◆ Task objective
An exact copy of the listing below is the answer, with the pictures removed.

◆ Data block
____________
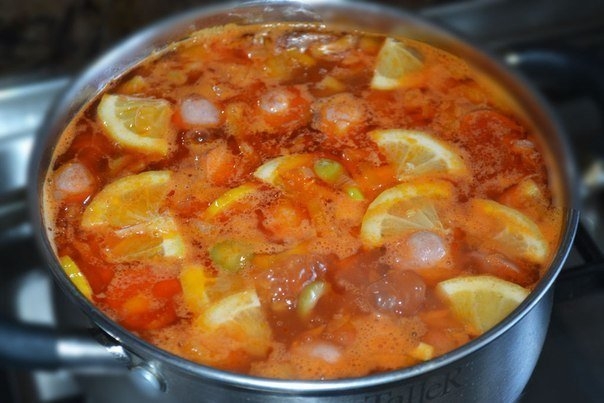 ПОЧТИ СОЛЯНКА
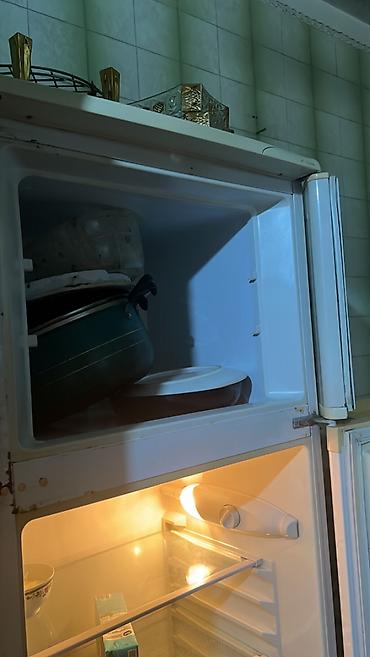 Техника для кухни: Б/у 2 двери Beko Холодильник Продажа, цвет - Белый — 2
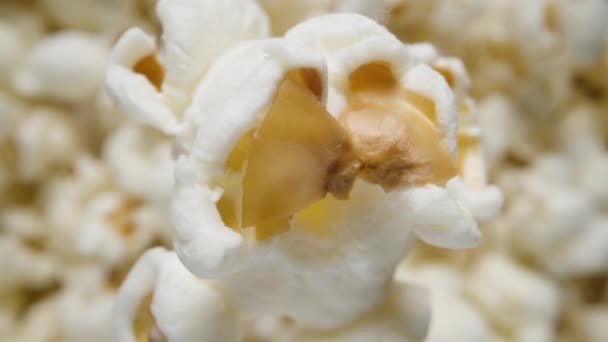 Imitace Pádu Koncepce Popcorn Padá Hromady Jiného Popcornu Extrémní Makro — Stock video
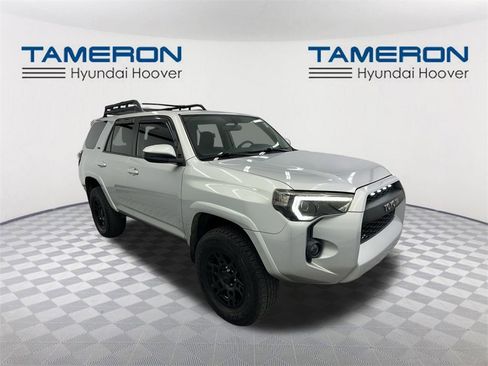 Used 2018 Toyota 4Runner SR5 Premium image 7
____________
◆ Exercise output
 ПОЧТИ СОЛЯНКА
 Техника для кухни: Б/у 2 двери Beko Холодильник Продажа, цвет - Белый — 2
 Imitace Pádu Koncepce Popcorn Padá Hromady Jiného Popcornu Extrémní Makro — Stock video
 Used 2018 Toyota 4Runner SR5 Premium image 7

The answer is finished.